Not that long ago, the DAC was almost completely extinct as a product line. If you had digital, you had CD and the wisdom of the day suggested that the best way to spin them was with a single box player to avoid jitter. Now the CD player is looking like an endangered species and with the options for digital listening opening out into multiple choice, the DAC is back. While they can’t quite match the headphone category for outright growth, DAC’s are big business and many brands have entered the fray with new products.
In the case of Arcam, “re-entered” the DAC market is a more accurate description. The argument over who released the first commercially available DAC is keenly contested but the Black Box DAC can certainly lay claim to being among the very first if not the first on the market so the company has strong history in this regard. After falling back to the one-box CD player for many years, they launched the rDac in 2010 and followed it up with the flagship D33 earlier this year. Now Arcam has turned their attention to the entry level section of the market with the £150 rLink.

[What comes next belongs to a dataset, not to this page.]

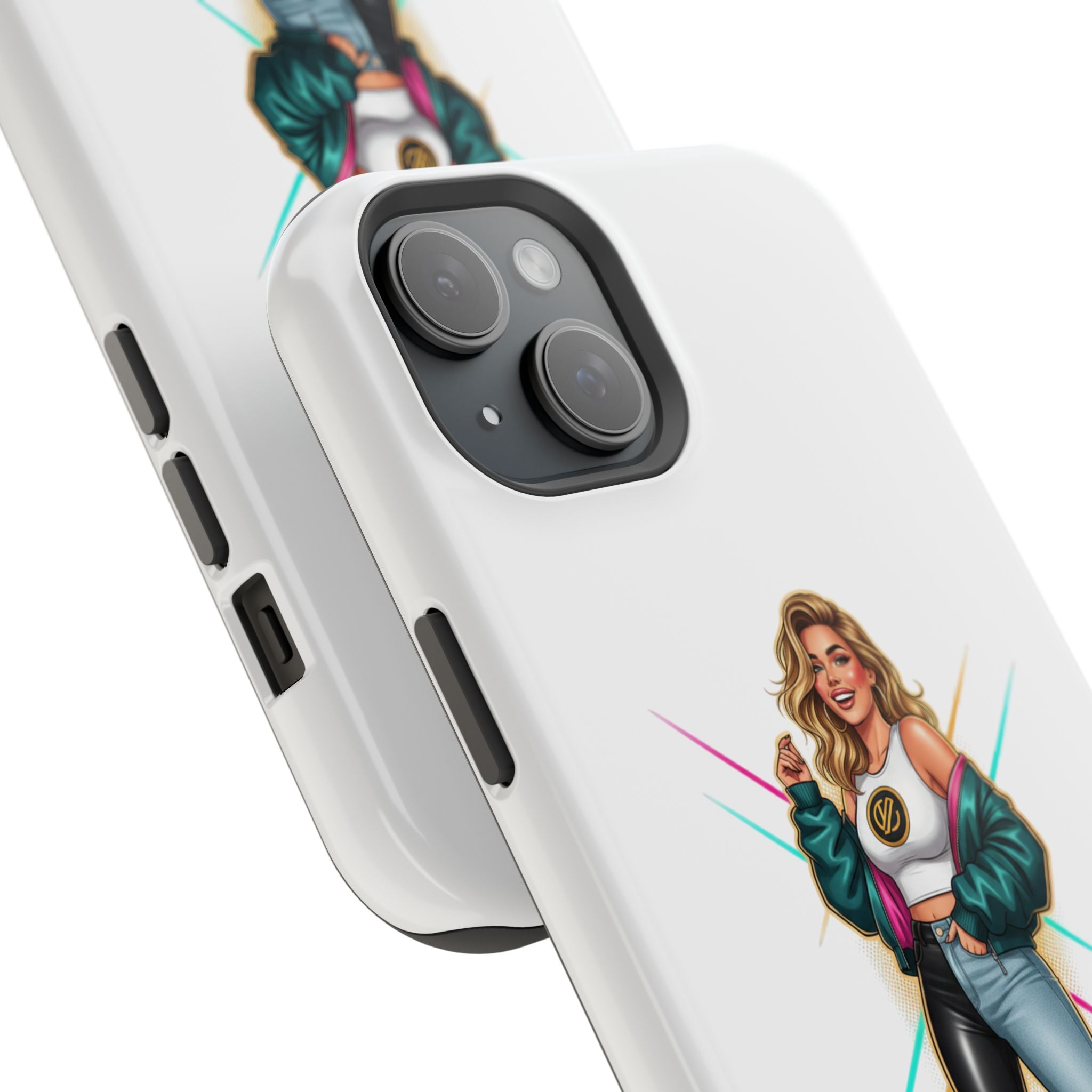 I'm Unstoppable Phone Case — Magnetic Impact-Resistant Protective Case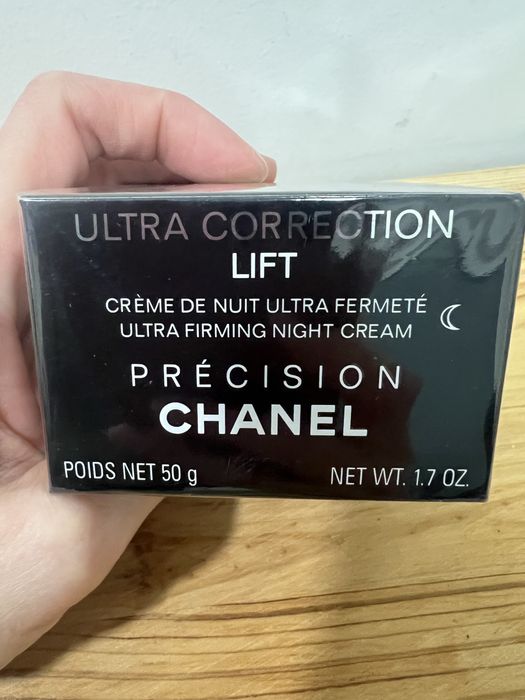 Chanel Creme noite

The R Series of components are a range of small units designed to bolt on to your existing system and add a specific ability, or in the case of the rCube, give you a complete standalone audio system. At the moment there are three main products, the rDock iPod dock, the rPac USB DAC and headphone amp (not to be confused with wall faced “actor” Robert Pattison and his shortened title of “R-Pat”) and the rLink which is a “conventional” DAC offering a single input over a choice of SP/DIF or Toslink. The earlier rDAC which was originally grouped as a member of the Solo family has also moved into this group and could be thought of as an rPac and USB of the rLink in the same box.
Arcam has taken the decision that as the rPac and rLink in particular connect to a single source and then output a single output to an amplifier, they are designed in such a way as to sit out of sight and this has altered their layout accordingly. Instead of a row of connections on the rear panel, the rLink accepts power and signal in the “front”, works its magic in the middle and squirts it via a pair of RCA connections out of the “back.”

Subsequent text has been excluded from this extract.